Konrad followed up with Mendoza and discovered that the job did involve a lot of technology and business writing, because it is based in the Silicon Valley. But, she explains, “the correspondent is also expected to write news, features and profiles of every major story in the region, ranging from earthquakes and wildfires to mayoral elections and the sorry state of public education.”

It was the perfect way to leverage her business experience and salary requirements with a job that allowed her to broaden her horizons, says Konrad. After an interview and style test, AP offered her the job, which she immediately accepted. “None of this would have happened had I not attended the IWMF workshop,” she says.

Tooting Your Own Horn

Mae Cheng, a staff writer at Newsday in Kew Gardens, New York, covers immigration and demographics. She says that as an Asian woman, she finds it particularly challenging to be self-promotional and found the assertiveness training especially helpful. “You grow up thinking that if you do good work, you’ll move up. But sometimes in this business you have to point out the good work you do,” she explains.

“The first couple times I had to explain to management that I had beat other papers with a story was difficult.” She now realizes the value of “tooting your own horn,” which is something that even senior-level journalists such as Chapin agree is never easy.

Cheng is not sure whether she aspires to be a newsroom editor or not, so she’s testing her management skills to see if she wants to go in that direction. The workshop addressed issues of career planning to help attendees in evaluating the direction of their careers. Cheryl Epps, the workshop trainer, covered such career planning topics as goal setting and establishing objectives, the importance of maintaining flexibility, and the importance of mentors and networking.

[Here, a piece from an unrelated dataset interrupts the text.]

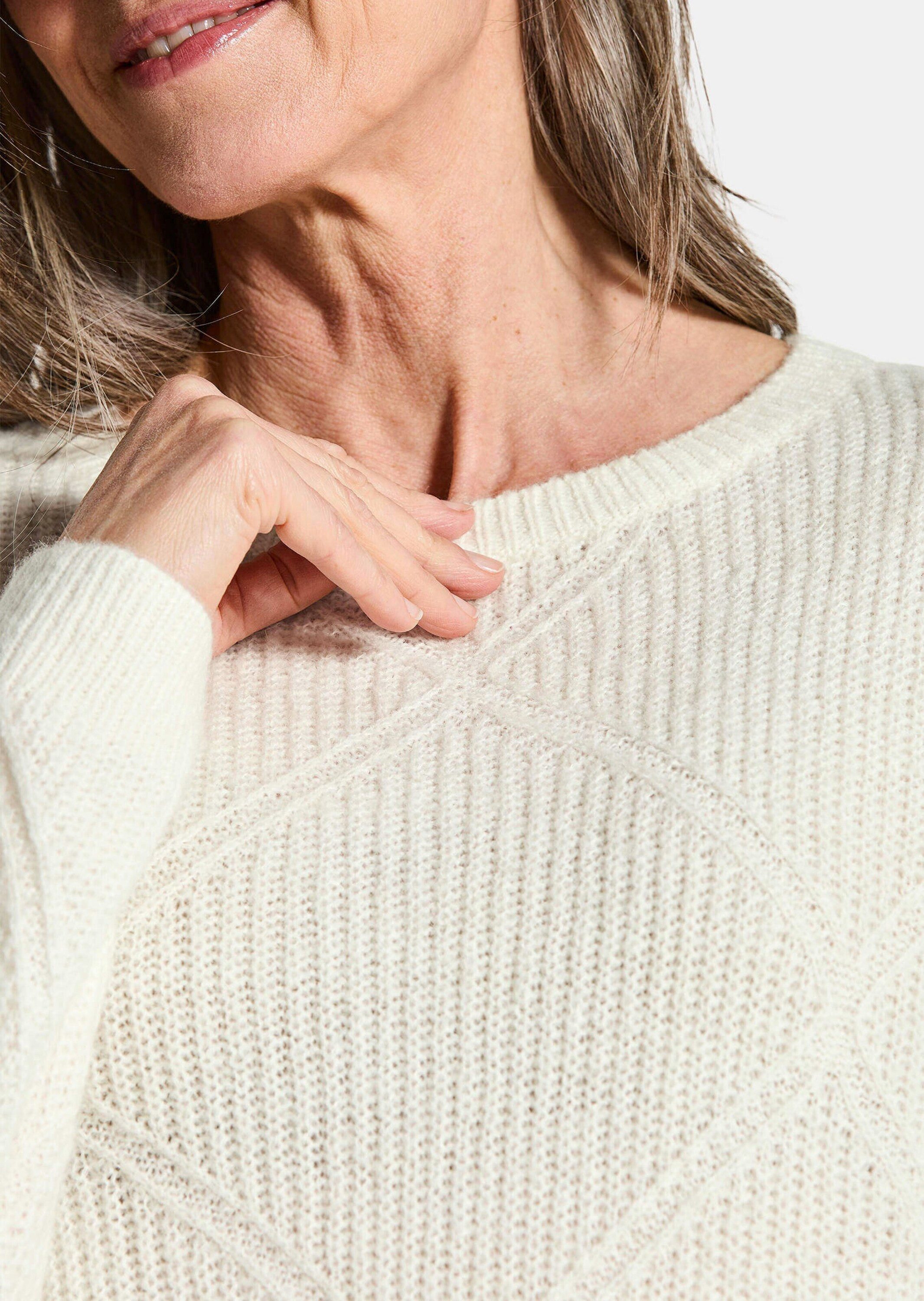 GOLDNER Strickpullover Langarm Pullover mit Rautenmuster Flauschiger U-Boot-Pullover mit Rippensaum, mit Wolle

“With career mapping, I have an idea of where I want to be and where I want to go,” says Mallet. “You are filled with so many negative images of where you can go in this business. But this [workshop] helped me be more proactive and helped with my confidence.”

What Cheng found most useful during the workshop was access to such an exceptional group of successful women. “To be able to sit down and talk to them about how they got where they are and the obstacles that they’ve had to face has been especially valuable.”

During a break, Cheng was able to talk with one of the speakers for nearly an hour about her career. “It’s so rare that you get the chance to talk to someone who has such a successful career who sits down and talks to you about how they got where they are,” says Cheng.

Konrad also appreciated the forum for meeting and talking with other women working in media. “The most valuable part of the workshop was the opportunity to network with the other attendees,”she says.

Mallett agrees. "You gain a sense of empowerment when you’re with other professional women. … Strong powerful women in action reminded me of what I can do,” she says.